Knight attended Tuesday’s meeting and told the council that the road was already too narrow for school buses and cars to pass each other. She said a police officer once refused to come to her home, saying she lived in the county. Despite city promises following annexation, the entire street uses the same two-to-three inch pipe for water.
“And if the whole neighborhood is running water on a Sunday? Then somebody is not going to get any water from their pipes,” Masters said. “We pay our taxes and we’re not getting the same services.”
Yet residents said they feel like the city would provide those services to the clinic.

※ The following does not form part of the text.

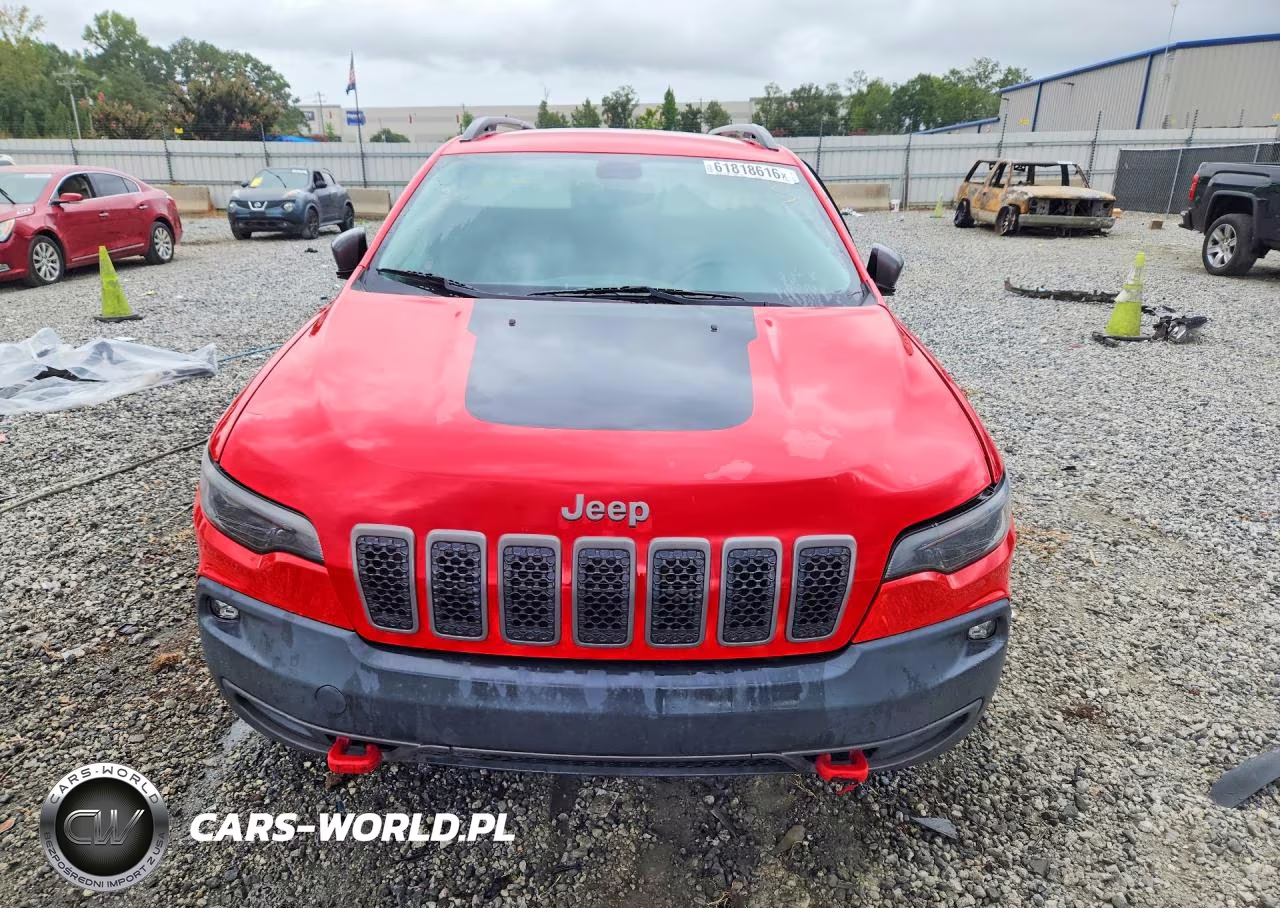 2019 Jeep Cherokee Trailhawk VIN:1C4PJMBX2KD298365 - 5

“One clinic comes along and they’re going to widen the road but we’re been here 29 years,” Knight said. “The city’s going to spend all this money on the road for just one clinic?”
Masters echoed that thought.
“It kind of feels like we’re the stepkids out there because we’re on the county line,” Masters said. “When they annexed us, they promised city services… we’re still waiting. Glad we didn’t hold our breath.”

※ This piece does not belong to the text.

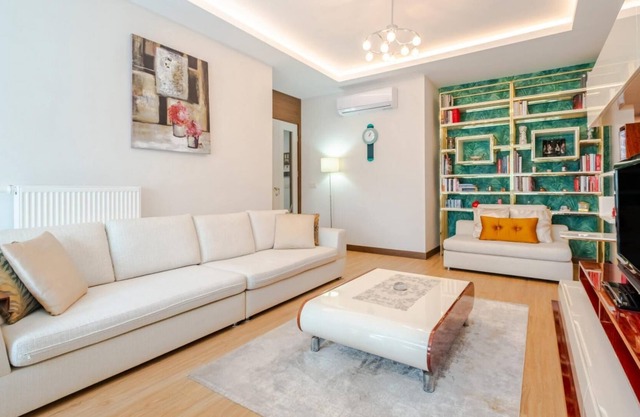 Elegant Flat with Balcony in Kartal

Residents asked why Massey and Morgan couldn’t put the clinic on the land they owned off of Highway 11 and 80, which is already zoned for commercial purposes.

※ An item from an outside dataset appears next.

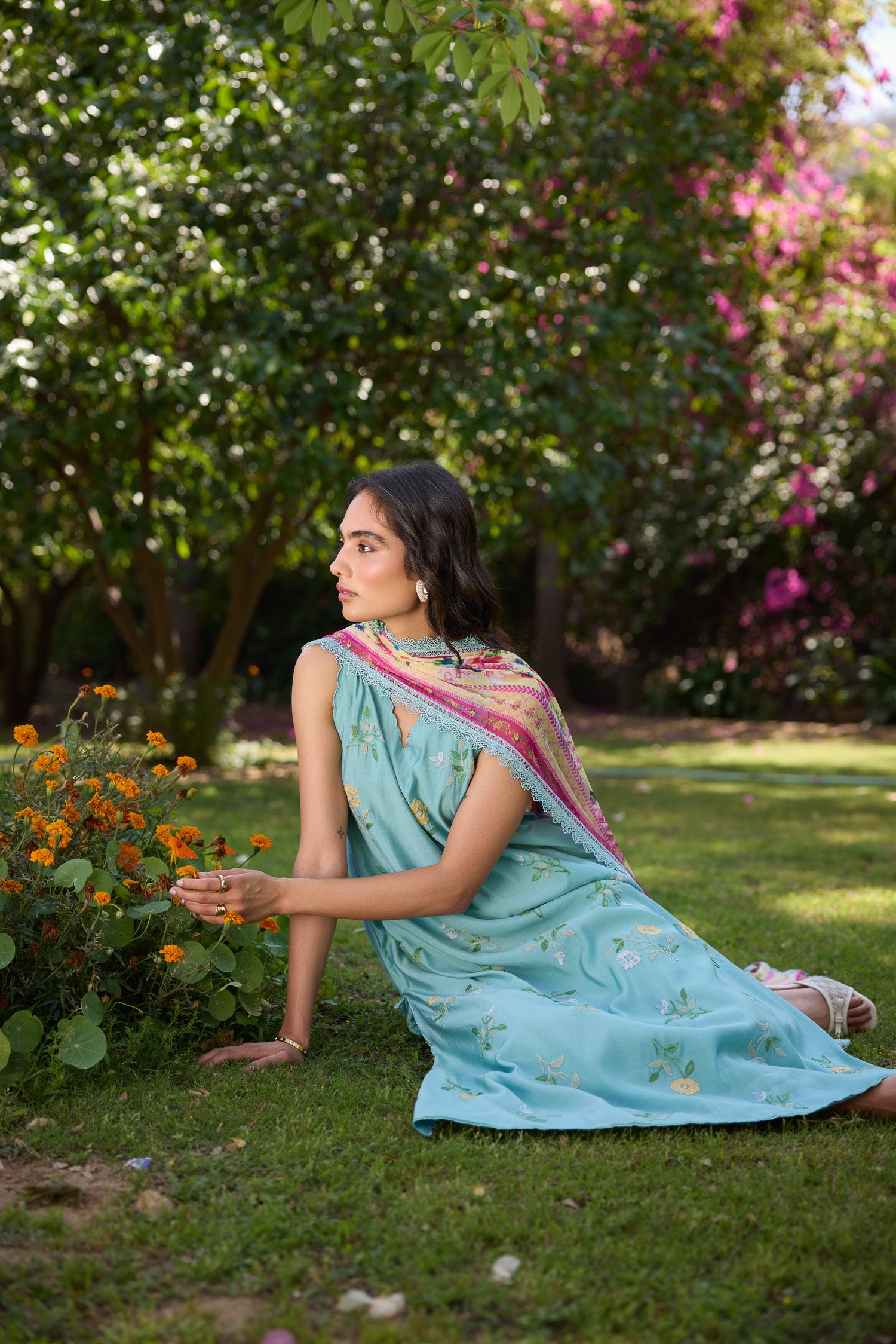 Breeze Sleeveless Cotton Aari Kurta Set with Straight Pants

“A business, when they build, wants to build where they’ll attract the most people,” Masters, who worked in real estate in San Antonio two decades ago, said. “It’s not in the middle of a neighborhood.”
Morgan, speaking at the Tuesday public hearing, said the land closer to the highway, less than a mile from the proposed I-20/59 Industrial Park, would be more suitable for a bigger commercial building.
“This is the first potential client we’ve had in some time,” Morgan said. “This is beneficial to everybody out there and the zoning board agreed with us.”
Massey, who lives four miles away, also urged the council to rezone on Tuesday.
“If the city wants to grow, I don’t know how it’s going to grow without (things like) this,” Massey said. “She (the unnamed nurse practitioner) wants to build as soon as we get it cleared up.”
Mississippi requires certain health facilities to apply for a certificate of need (CON), published on the state’s department of health website.
A search on the state’s website found only one recent CON for Lauderdale County, for Alliance Health Center to convert adolescent psychiatric beds to adult psychiatric beds at a cost of $5,000.
Ward 2 council member Tyrone Johnson, whose Ward includes Knight-Parker Road, encouraged Massey and Morgan to speak to the residents and attempt to find a middle ground, saying he would vote against the rezoning.
“We have residents that have been living out there for 30 (or more) years,” Johnson said, expanding on Wednesday. “They do not complain even though they don’t get as much of our city services… I hope (Morgan and Massey) do their homework and communicate with the community.”
Johnson said enough residents had decided to leave the city limits and the city shouldn’t take actions that would push out more residents.
“We do want businesses to come here and do want businesses to open up,” Johnson said. “I just want to make sure the residents are taken care of… For me, we’re in a time when we need to put the citizens first. Citizens get put on the back burner because of what outsiders want to happen in Meridian.
“We desperately need jobs but we live in this city and I don’t know what going to happen if we don’t take care of our own.”
Masters and her husband, Paul, stood on their porch on Wednesday afternoon, wondering how the city would proceed.
“Once they sell it off there’s no telling what’s going to come,” Paul Masters said. “I’m not looking forward to looking out and seeing a parking lot… they’ve already got commercial land. They don’t need to come here.”
“I bet none of the city council members want commercial property across from them,” Kathy Masters said. “If someday we want to sell this and get more than what we paid and what we’ve put into it – we’re not going to get it if anything commercial comes.
“We have enjoyed it all of these years. And we want to continue to enjoy it.”